Who of us did not want to understand how much the pre-revolutionary worker or archers actually received under Peter I?
Were Russian tsars rich? And how did the Russian nobles live? What luxury items did they have at their disposal? How much did they cost? These are the questions that any historian is forced to answer when he talks about the life of the past.
But it’s not enough to just write “the suit cost forty rubles” - you want to understand the real value of these rubles, “convert” them into modern money. I believe that such a “transfer” is impossible - because the value of money cannot be assessed in isolation from the economic situation. And in the past it was fundamentally different.
The past covers many different eras, and the ruble of the Moscow Kingdom of the 17th century and the Catherine's ruble are completely different money. In addition, you need to take into account the difference in the price of silver and copper money in the Muscovite kingdom: silver coins were intended for trade with the West, and copper coins - for internal settlements, while the copper coin depreciated very quickly (in 1662, 15 copper coins were given for 1 silver kopeck), which eventually led to a riot (Copper Riot of 1662). Since the era of Catherine II, paper money was introduced in Russia - and from that time on, the difference in the value of bank notes and a silver coin must also be taken into account.
In order not to go into details of these estimates, they usually try to compare the price of a thing with the price of a kilogram of potatoes or a kilogram of meat, for example. But with such a comparison, it is necessary to take into account the context: for example, before Catherine's time, potatoes were not massively grown in Russia, so you will need to look for some other product to compare.
The pricing of meat in the pre-industrial era, in the absence of modern farms and abattoirs, was fundamentally different - meat was consumed by peasants very rarely, on holidays - cows in ordinary families were kept for milk, not for slaughter, and so on. More broadly, any prices from the past are very relative - sometimes we don't even have all the pricing information.
You can try to compare welfare in absolute terms. For example, we know that in the first half of the 19th century, a poor peasant family spent about 30-50 rubles a year - for the head of such a family, the ruble was a great value. For example, such a peasant saved up a year, or even several years, for a new plow horse. However - again - it must be borne in mind that money in that era was much easier to lose.
Before the appearance of banknotes and securities, money minted from precious metals at state mints was provided not with a "gold reserve", but with its own value - and therefore, much more often and more easily than now, it became the object of theft.
Going to the market for the same new horse, the peasant often carried in a small bag all his savings for a long time. They rob at the bazaar or cheat on the seller - and he is practically a beggar. By the way, it was the inability of the majority of serfs to manage financial affairs that very seriously tied them to their "own" landowner, who could help his serfs with transactions and business issues.

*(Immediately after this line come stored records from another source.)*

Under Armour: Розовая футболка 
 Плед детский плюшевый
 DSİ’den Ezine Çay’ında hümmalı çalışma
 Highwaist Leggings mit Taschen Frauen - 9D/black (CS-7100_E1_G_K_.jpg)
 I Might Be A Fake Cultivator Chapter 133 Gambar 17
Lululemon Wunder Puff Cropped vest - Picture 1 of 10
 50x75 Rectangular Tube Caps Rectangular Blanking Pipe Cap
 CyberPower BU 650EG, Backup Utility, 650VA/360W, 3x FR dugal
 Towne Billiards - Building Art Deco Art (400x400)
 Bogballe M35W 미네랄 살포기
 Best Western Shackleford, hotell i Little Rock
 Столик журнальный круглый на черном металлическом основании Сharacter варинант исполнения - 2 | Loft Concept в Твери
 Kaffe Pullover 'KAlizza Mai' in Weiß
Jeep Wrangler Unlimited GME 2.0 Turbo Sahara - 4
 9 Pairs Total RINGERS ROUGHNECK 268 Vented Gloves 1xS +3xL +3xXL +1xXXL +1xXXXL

The landowners themselves were also often not masters in financial matters. After the abolition of serfdom and the introduction of a system of ransom payments by the state, the landowners were in possession of securities - five percent redemption certificates for ransom loans on estates in which the former serfs were quitrent.
To receive interest on these securities, the landowner had to present a redemption certificate to the state treasury - or he could generally cancel the certificate and exchange it for bank notes.The state gave the landowners a financial instrument that they could use to trade on the stock exchange and increase their wealth. But not knowing how to use it, most of the Russian nobles simply cashed out all their ransom certificates and ended up in poverty - it is about such nobles that the play by A. Chekhov "The Cherry Orchard" tells.
Well, in the new Bolshevik Russia in the early years, real financial chaos reigned - the state banned the possession of precious metals and foreign currency and began to confiscate them from the population.
Money was rapidly depreciating, and by the early 1920s, hyperinflation swept across the country. Monetary circulation was stabilized only in 1922-1924. During the 20th century, the country went through a whole series of monetary reforms and denominations of the ruble - so the situation with the monetary system in Soviet and post-Soviet times was no less chaotic and difficult than in tsarist Russia.
So, comparing current and past prices, assessing the well-being of people of the past is a complex task. Such comparisons need to be made according to more than one parameter - it is better to take into account not only prices and wages, but also, in general, the availability and value of money in a particular era.